(Short descriptive text snippets)
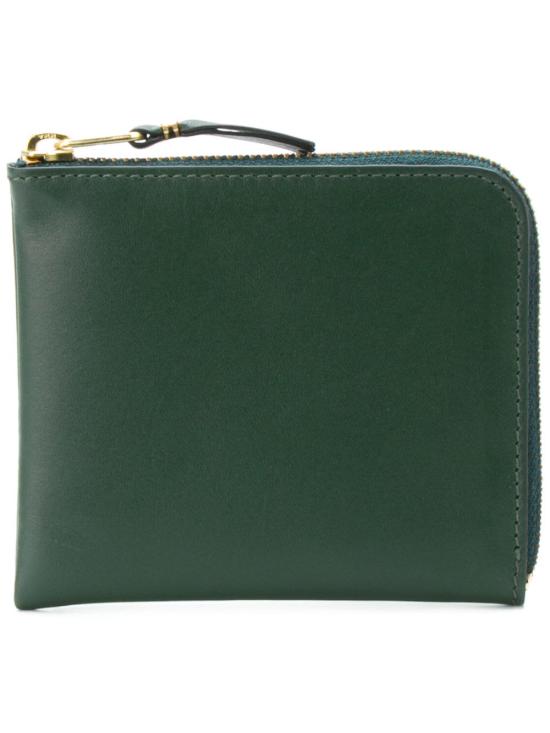 26FW 꼼데가르송 지갑 SA3100 BOTTLE GREEN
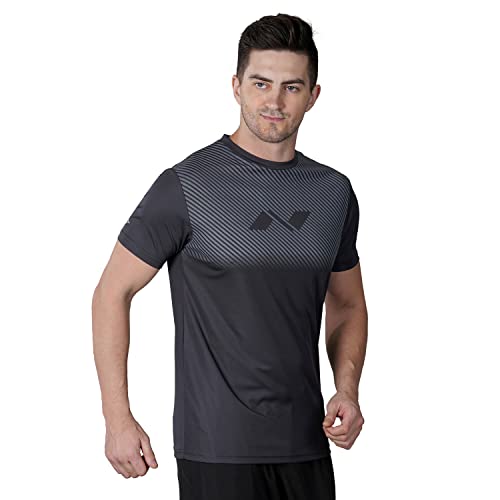 Image of Nivia Nitro 13 Round Neck T-Shirt for Men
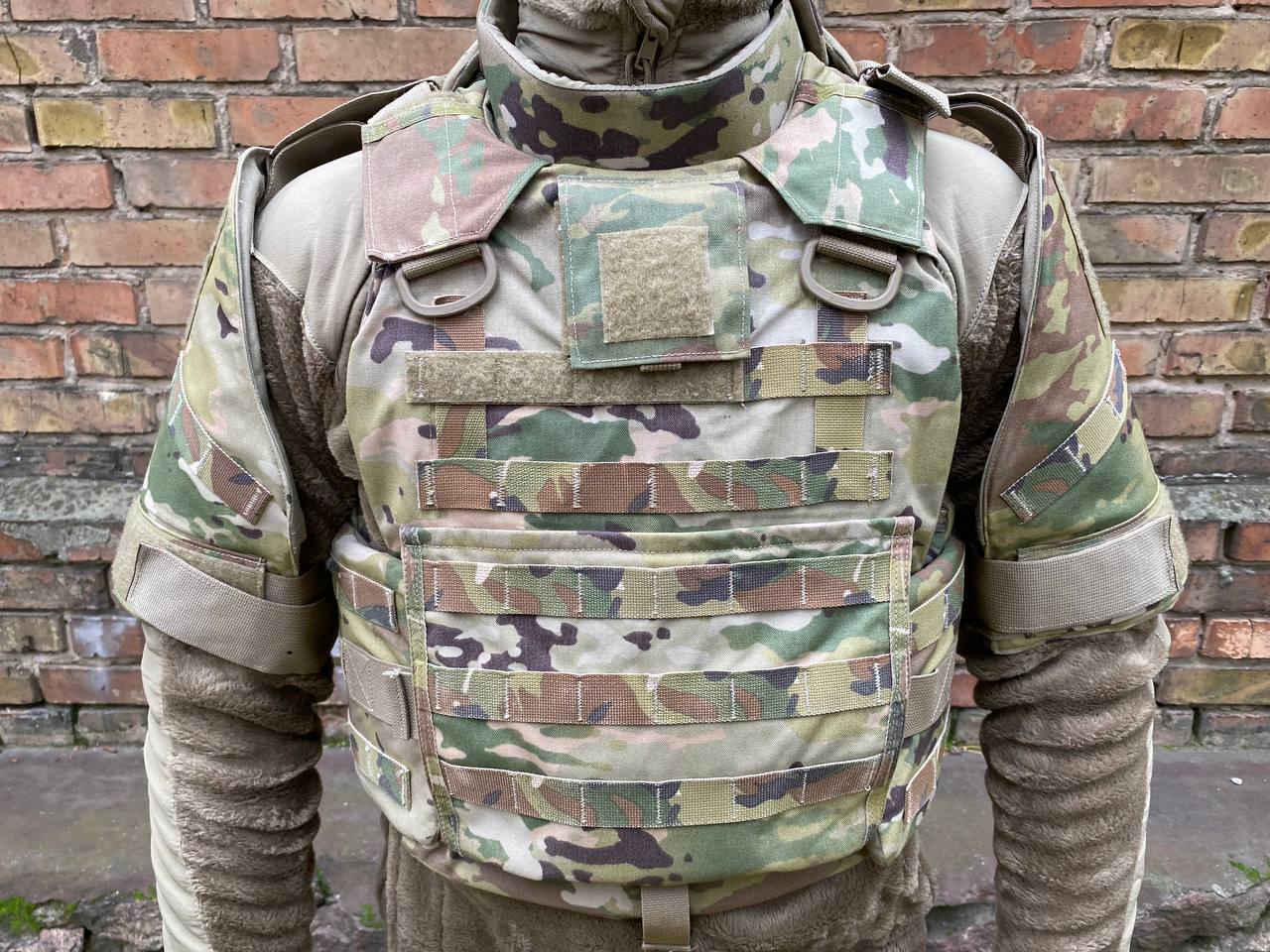 American Army IOTV FR Gen IV Protective vest | Multicam (Scorpion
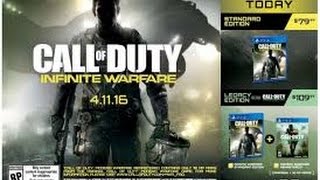 Call Of Duty Infinity Warfare campaign leaked Info!! (COD Messenger)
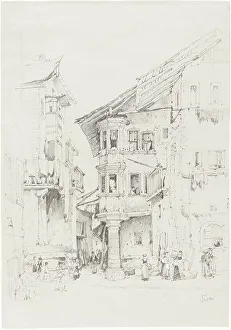 Sion, c. 1830. Creator: Samuel Prout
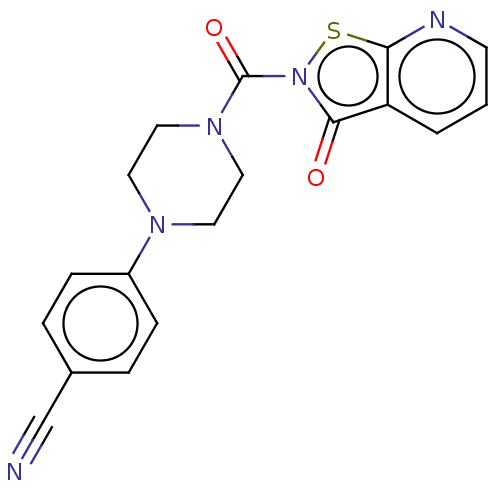 Chemical structure of BindingDB Monomer ID 204882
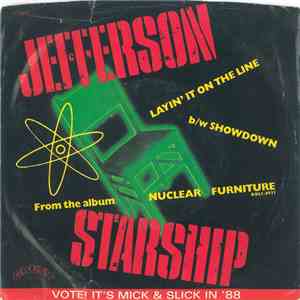 Jefferson Starship - Layin' It On The Line / Showdown flac album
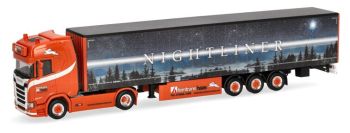 HER318785 - SCANIA CS 20 HD 15m 4x2 met 3-assige aanhangwagen FERNTRANS HAAS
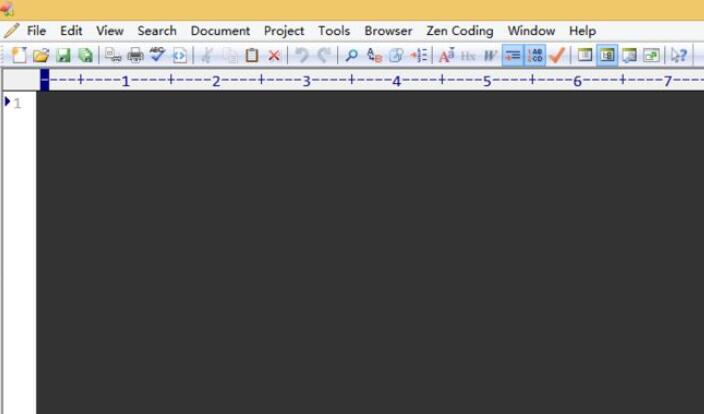 我来教你EditPlus怎么插入表格-EditPlus插入表格的详细方法。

Task to complete: Could you write out every line above exactly as it stands, with no images?

Your response:
 26FW 꼼데가르송 지갑 SA3100 BOTTLE GREEN
 Image of Nivia Nitro 13 Round Neck T-Shirt for Men
 American Army IOTV FR Gen IV Protective vest | Multicam (Scorpion
 Call Of Duty Infinity Warfare campaign leaked Info!! (COD Messenger)
 Sion, c. 1830. Creator: Samuel Prout
 Chemical structure of BindingDB Monomer ID 204882
 Jefferson Starship - Layin' It On The Line / Showdown flac album
 HER318785 - SCANIA CS 20 HD 15m 4x2 met 3-assige aanhangwagen FERNTRANS HAAS
 我来教你EditPlus怎么插入表格-EditPlus插入表格的详细方法。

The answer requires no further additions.